Saat ini, agen AI menjadi perhatian utama berbagai perusahaan teknologi, seperti Microsoft dan Salesforce.
Jensen Huang memprediksi gelombang berikutnya yaitu AI fisik. “Gelombang berikutnya memerlukan pemahaman tentang hal-hal seperti hukum fisika, gesekan, inersia, serta sebab dan akibat,” ujar Jensen Huang.
Kemampuan berpikir fisik, seperti konsep kekekalan benda, atau fakta bahwa benda tetap ada meskipun tidak terlihat, akan menjadi hal yang penting dalam tahap kecerdasan buatan berikutnya, katanya.
Penerapan pemikiran fisika mencakup memperkirakan hasil, seperti di mana bola akan meluncur, memahami seberapa besar gaya yang diperlukan untuk menggenggam suatu benda tanpa merusaknya, serta menyimpulkan keberadaan pejalan kaki di belakang kendaraan.
Dan ketika Anda mengambil AI fisik tersebut lalu memasukkannya ke dalam objek nyata yang disebut robot, maka Anda mendapatkan robotika,” tambah Huang. “Ini sangat penting bagi kami saat ini, karena kami sedang membangun pabrik di seluruh Amerika Serikat.
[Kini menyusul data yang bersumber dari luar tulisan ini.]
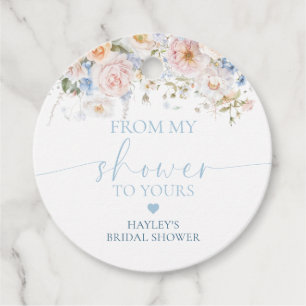 Hargrove Blue Floral From My Shower To Yours Soap Favor Tags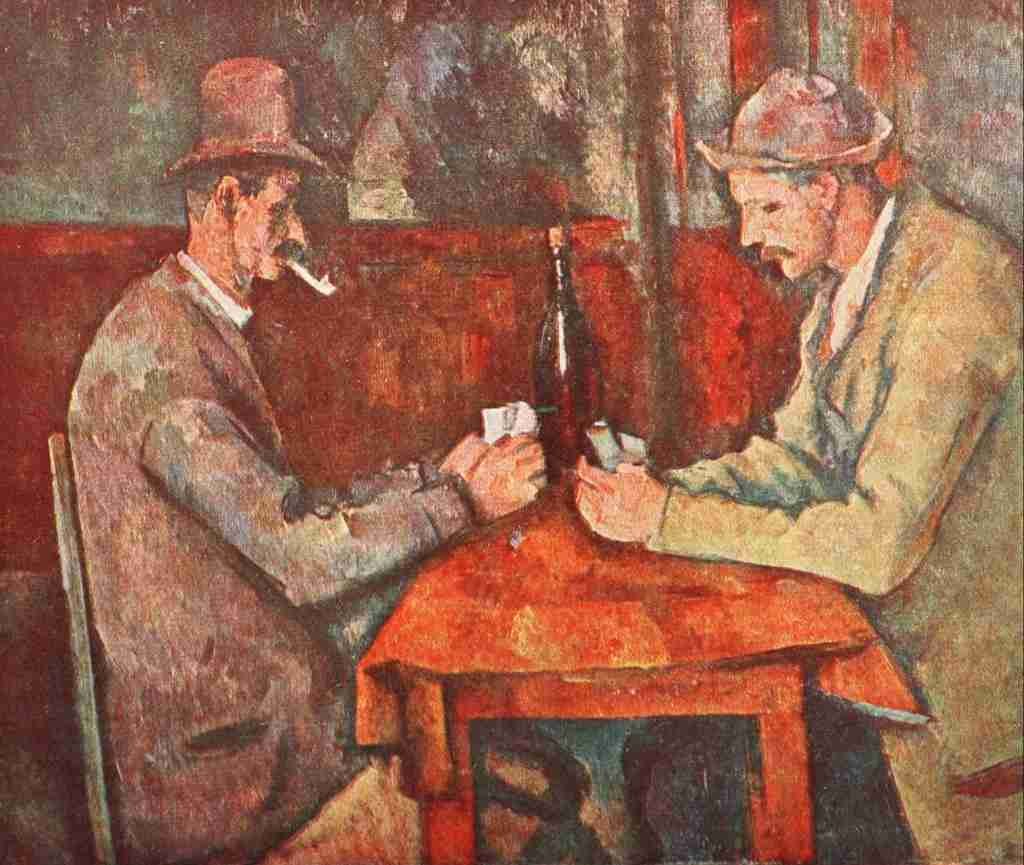 Cezanne Paul 1839 1906 Card Players Cezanne nd A4 Photo Print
“Harapan kami, dalam 10 tahun ke depan, seiring kita membangun pabrik dan pabrik generasi baru ini, semuanya akan sangat otomatis dan membantu kita mengatasi krisis tenaga kerja yang parah di seluruh dunia,” kata Huang.
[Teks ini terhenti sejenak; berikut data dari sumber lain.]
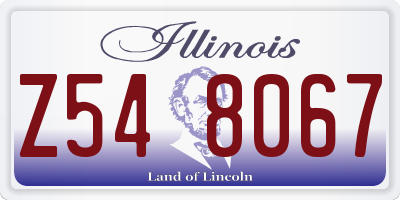 IL license plate Z548067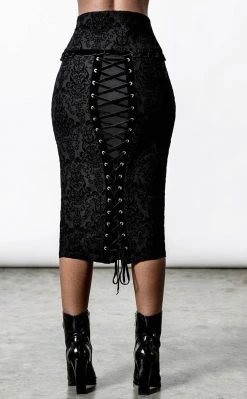 Killstar Isolde Midi Skirt Clothing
Saran yang diberikan oleh Jensen Huang dan Elon Musk mencerminkan perubahan dalam pola pikir yang lebih luas. Meskipun pemrograman tetap menjadi keterampilan yang penting, para pemimpin ini menyarankan kembali kepada dasar ilmiah yang mendorong inovasi di dunia nyata.
Teknologi AI dan robotika dianggap sebagai masa depan kerja sama antara manusia dan mesin, serta keberhasilan dalam bidang ini lebih didasarkan pada pemahaman tentang cara berfungsinya dunia, bukan hanya pada kemampuan pemrograman.